= Socialism in Ethiopia =

Socialism in Ethiopia emerged during 1960s, as part of the Ethiopian Student Movement (ESM). The concept was apparently gained attention in early 1970s, leading to fall of the Ethiopian monarchy and the rise of the Derg in 1974.

Since then, the term socialism was used by the Derg government as well as anti-Derg rebel factions such as the Tigray People's Liberation Front (TPLF), the Eritrean People's Liberation Front (EPLF) to form multi‐ethnic nation in their respective ideologies. After the end of the Ethiopian Civil War, some of these groups abandoned the socialist ideology in favor of the free market. while others maintained their socialist ideology or adapted it.

== Definition and background ==
Socialism in Ethiopia became prominent during the 1960s student movement under umbrella of "Ethiopia Tikdem" (translated "Ethiopia be first"). The movement was crucial for social change. In his 1978 book Ethiopia, the Unknown Revolution, Raúl Valdés Vivó stated that socialism greatly affected the feudalism of imperial government under Haile Selassie as newly formed social groups emerged while established class slightly changed its position. According to the groups, the upper class so-called bureaucratic bourgeoise was the aristocrat who disassociated to subordinate group during the Derg era.

Capitalism boomed in 1950s in urban areas attracting foreign investors in the west in development of infrastructure and manufacturing for import substitution. By the end of 1960s, three-quarters private paid-up capital almost owned by foreign firms, concerning 68 members of the Federation of Employers of Ethiopia. These firms controlled import export trade while Ethiopian expatriate dominated the trade sector. Such outcome led class struggle and wage labor. The working class began synthesize in 1950s and 1960s at the time of manufacturing. Capitalist policies in favor of foreign employers as well as government taxation and tariffs led the reduction of labor absorption which did not reach above 50,000 employment out of 40,000 in urban sectors.

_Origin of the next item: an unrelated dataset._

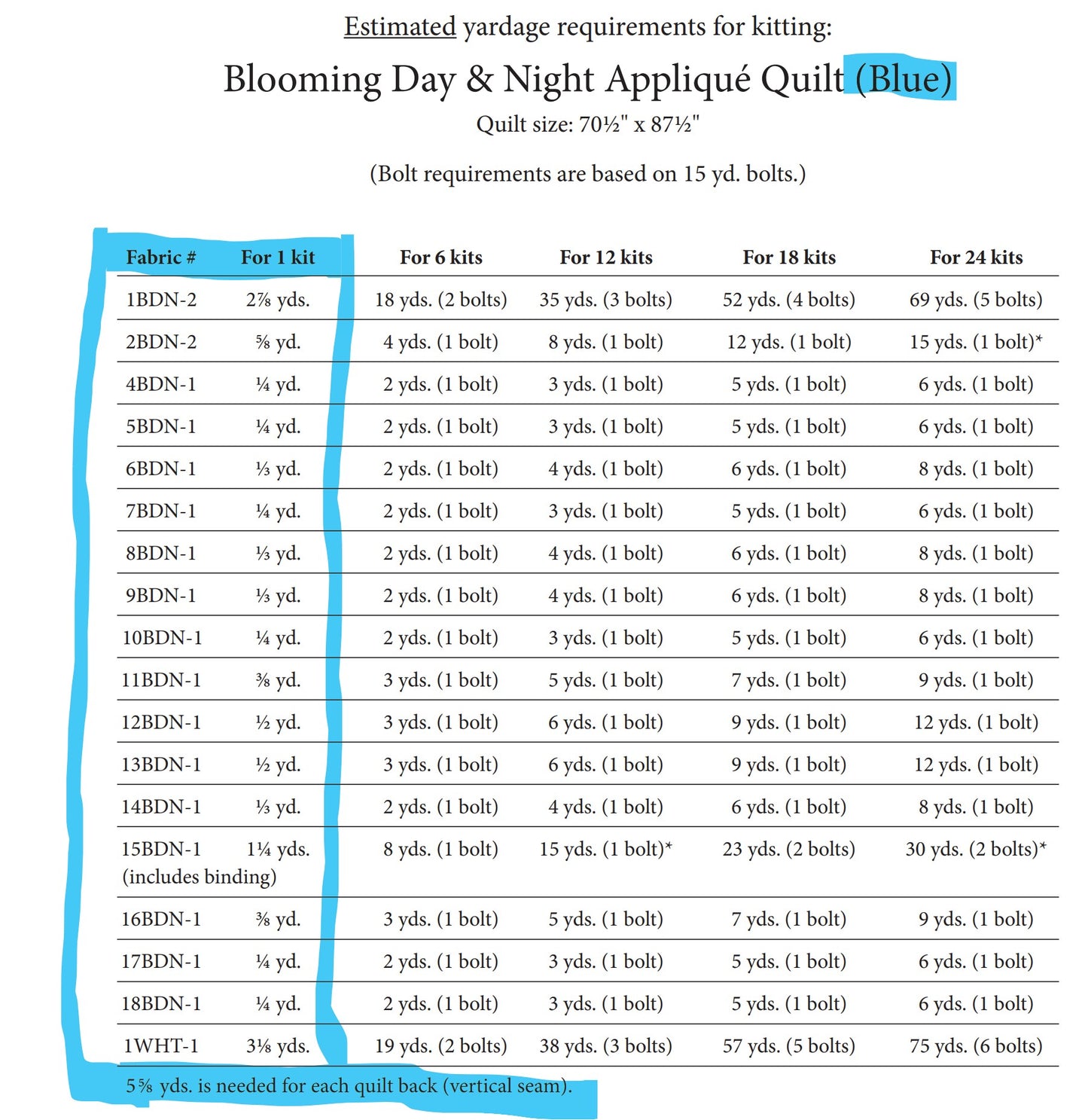 Blooming Night & Day (Fusible) Applique Pattern BDN.AQ.PCW by Jason Yenter from In the Beginning Fabrics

Further radicalization of the Ethiopian Student Movement (ESM) occurred in the late 1960s and 1970s in reaction to the 1967 closure of Suez Canal causing a sharp decline of trade activity and deflation of coffee prices, leading to the loss of sustainable revenue. The unemployment rate an issue that affected the educated class as well as the 1969 economic recession and 1970s drought further strengthened opposition to the government.

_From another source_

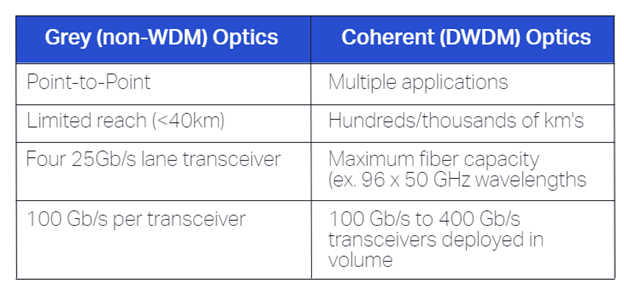 Comparison of coherent versus traditional optical fiber technology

After the fall of monarchy in 1974, socialism was pervasive in Ethiopia, starting with the rise of the Derg, which proclaimed itself to be a "socialist government". Initially, the Derg gained support from leftists and various student groups. Officially following Marxism‐Leninism, the Derg and its opponents both declared themselves to be socialists. The Derg aimed to use socialist policies for greater centralization of the government, while other anti-Derg political groups such as the Eritrean People's Liberation Front (EPLF) and the All-Ethiopia Socialist Movement supported a federalized socialist model. For instance, both Tigray People's Liberation Front (TPLF) and EPLF saw socialism leads to build multi‐ethnic nation‐building.

Several of the insurgent groups abandoned socialism after the end of Ethiopian Civil War in 1991 in order to gain Western support. Some of socialist elements are still prevalent in Eritrea. The TPLF is still officially a socialist party, with several of the leaders being former members of the MLLT.